■ DATASET CONTENT:
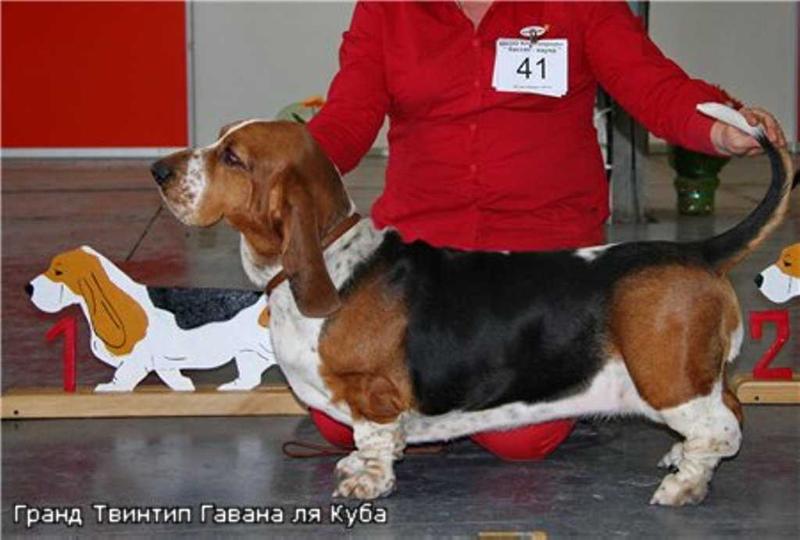 Grand Twintip Gavana la Cuba | Basset Hound 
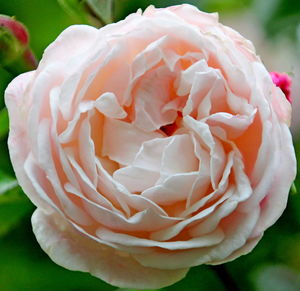 Close-up of pink rose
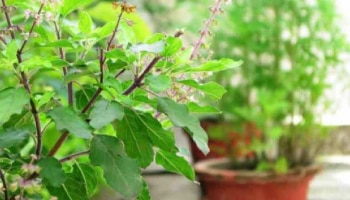 Tulsi Puja Rules: ಈ ದಿನ ಅಪ್ಪಿತಪ್ಪಿಯೂ ತುಳಸಿಗೆ ನೀರು ಅರ್ಪಿಸಬಾರದು!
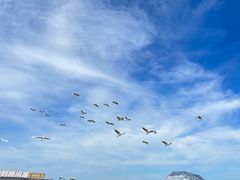 -黑龙江扎龙生态旅游区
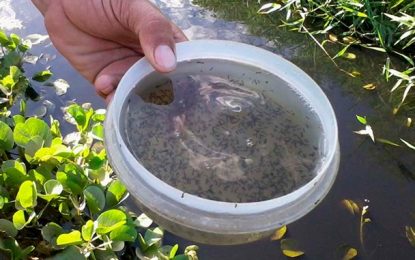 MINAS GERAIS: Estado registra 484 mil casos prováveis de dengue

■ WHAT IS BEING ASKED:
At the line containing "-黑龙江扎龙生态旅游区", start reproducing exactly, and stop after the last line of the listing; include both ends, and leave the pictures out.

■ EXERCISE RESULT:
 -黑龙江扎龙生态旅游区
 MINAS GERAIS: Estado registra 484 mil casos prováveis de dengue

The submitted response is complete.